Mark,
Definitely sounds like a possibility. In my usage, the GetSQS processor
would yield often (because the SQS queue is low volume), but it was only
run once per second (or 10 seconds, depending on the setting I used).
I'm unsure if/how this explains why I saw high CPU usage for several
days, then once I played with the settings, it dropped to a normal
amount, but hopefully its another data point.
Cheers,
Adam
On 11/4/15 2:33 PM, Mark Payne wrote:
Adam,
I wonder if this ticket that I just created [1] is actually the same
issue that you're seeing here.
When GetSQS determines there is nothing to do, it will "yield",
essentially pausing itself for some amount of time
(by default 1 second). But the framework wasn't properly pausing the
processor. Instead, it continually ran a task that
simply asks "are you yielded?" Since the answer was yes, it finished
that task and ran it again. This can cause the
CPU usage to be significantly higher when there's nothing to do than
when there is actually work to do.
Thanks
-Mark
[1] https://issues.apache.org/jira/browse/NIFI-1111
On Nov 3, 2015, at 1:05 PM, Adam Lamar <adamond...@gmail.com
<mailto:adamond...@gmail.com>> wrote:
Hey Joe,
I think there are two possible JIRAs.
1) Add long polling support using setWaitTimeSeconds() - should be
really easy. I can take a crack at a pull request. Here's a JIRA:
https://issues.apache.org/jira/browse/NIFI-1103
2) Investigate the high CPU usage. I saw this initially for several
days, but it went away after I adjusted the run schedule (from 1
second to 10 seconds back to 1 second). I have CPU charts showing the
high usage and corresponding drop, but I need to reproduce the issue.

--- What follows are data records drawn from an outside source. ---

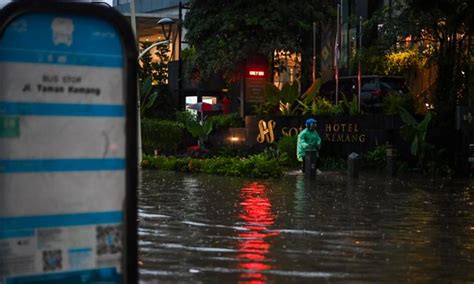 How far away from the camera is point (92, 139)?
354 cm

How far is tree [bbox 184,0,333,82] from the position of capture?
31.1 meters

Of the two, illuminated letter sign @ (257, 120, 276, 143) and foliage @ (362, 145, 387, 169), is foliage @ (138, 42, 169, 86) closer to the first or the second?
illuminated letter sign @ (257, 120, 276, 143)

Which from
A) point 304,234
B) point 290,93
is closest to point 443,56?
point 290,93

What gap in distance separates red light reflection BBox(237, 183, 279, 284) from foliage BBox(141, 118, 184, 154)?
15916mm

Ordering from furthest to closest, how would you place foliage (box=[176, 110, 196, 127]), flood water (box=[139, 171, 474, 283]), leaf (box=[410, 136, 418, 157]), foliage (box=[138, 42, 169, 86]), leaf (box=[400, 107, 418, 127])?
foliage (box=[138, 42, 169, 86]) → foliage (box=[176, 110, 196, 127]) → leaf (box=[400, 107, 418, 127]) → leaf (box=[410, 136, 418, 157]) → flood water (box=[139, 171, 474, 283])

I'll circle back in a few days when I get some time to work on it.
Cheers,
Adam
On 11/3/15 2:41 AM, Joe Witt wrote:
Adam,
Just wanted to follow up on this. Have you had any better results and
should we put a JIRA in behind what you're seeing?
Thanks
Joe
On Tue, Oct 20, 2015 at 7:58 PM, Adam Lamar <adamond...@gmail.com
<mailto:adamond...@gmail.com>> wrote:
Adam,
Thanks for the reply!
Amazon supports (and recommends) long polling on SQS queues[1]. The
GetSQS
code doesn't attempt long polling at all, but I wasn't sure if this was
intentional or if the option had just never been added. With a 20
second
long poll, the processor would make 3 requests per minute instead
of 60,
assuming the queue was empty during that time.
Another data point - even during high CPU usage, the GetSQS
processor was
only making one request per second to SQS (verified via tcpdump).
While not
ideal from a billing perspective, doesn't it seem wrong that 1
request a
second is causing such high CPU?
Perhaps to muddy the waters a bit, I played with the run schedule
yesterday,
and even now that I've turned it back to 1 second, CPU usage is
remaining
low. Before I could start/stop GetSQS repeatedly and observe the
high CPU
usage, but now I can't reproduce it. If I'm able to consistently
reproduce
the issue in the future, I'll be sure to post again.
Cheers,
Adam
[1]
http://docs.aws.amazon.com/AWSSimpleQueueService/latest/SQSDeveloperGuide/sqs-long-polling.html
On 10/20/15 4:37 AM, Adam Estrada wrote:
Adam,
I suspect that getSQS is polling Amazon to check for data. It's not
exactly like your standard message broker in that you have to
force the
poll. Anyway, throw a wait time in there and see if that fixes it.
This will
also help lower your monthly Amazon bill...
Adam
On Oct 19, 2015, at 11:41 PM, Adam Lamar <adamond...@gmail.com>
wrote:
Hi everybody!
I've been testing NiFi 0.3.0 with the GetSQS processor to fetch
objects
from an AWS bucket as they're created. My flow looks like this:
GetSQS
SplitJson
ExtractText
FetchS3Object
PutFile
I noticed that GetSQS causes a high amount of CPU usage - about
90% of
one core. If I turn off GetSQS, CPU usage immediately drops to
2%. If I turn
GetSQS back on with the run schedule at 10, it stays at 2%.
Would it be worth using setWaitTimeSeconds [1] to make the SQS
receive a
blocking call? Alternatively, should GetSQS default to a longer run
schedule?
Cheers,
Adam
[1]
http://docs.aws.amazon.com/AWSJavaSDK/latest/javadoc/com/amazonaws/services/sqs/model/ReceiveMessageRequest.html#setWaitTimeSeconds(java.lang.Integer)